Let a boolean expression be a combination of binary variables, the operators AND $\land$ , OR $\lor$ and NOT $\neg$ and the constants 0 and 1.
Then, every computable function can be expressed as a boolean expression.
$SAT$ is defined as the set of satisfiable boolean expressions. The $\mathbb{NP}$-complete problem is to decide if a boolean formula, that is given as input, is satisfiable or not.
Now, let's combine the two. Every problem can be decided by a boolean formula that determines membership in the problem's language. The SAT problem is $\mathbb{NP}$-complete, therefore, every problem is $\mathbb{NP}$-complete.
The above proof is of course false, since no single complexity class, that sets bounds on resources, can contain all problems. So, where's the catch?
Suppose that you have an instance $a$ of a problem $A$. In order to convert it to a boolean formula, i.e. reduce it to $SAT$, a process must be followed.
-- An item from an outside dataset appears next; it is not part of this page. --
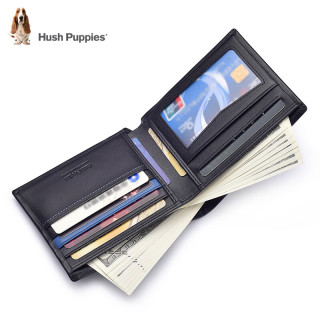 Hush Puppies 暇步士 男士钱包头层牛皮时尚短款钱夹真皮横款多功能票夹两折 黑色 209W横款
This process requires additional time, therefore this process combined with an algorithm for SAT does not yield a polynomial time non-deterministic algorithm for every problem, but only for problems in $\mathbb{NP}$.
Suppose that we are not interested in time, but in computability. So, we don't care how long the algorithm takes to convert any instance of any problem to a boolean formula, but if it can do so in finite time. Since we know that this is possible, a computation model using only boolean formulas is Turing equivalent and can compute any function computable by a Turing machine.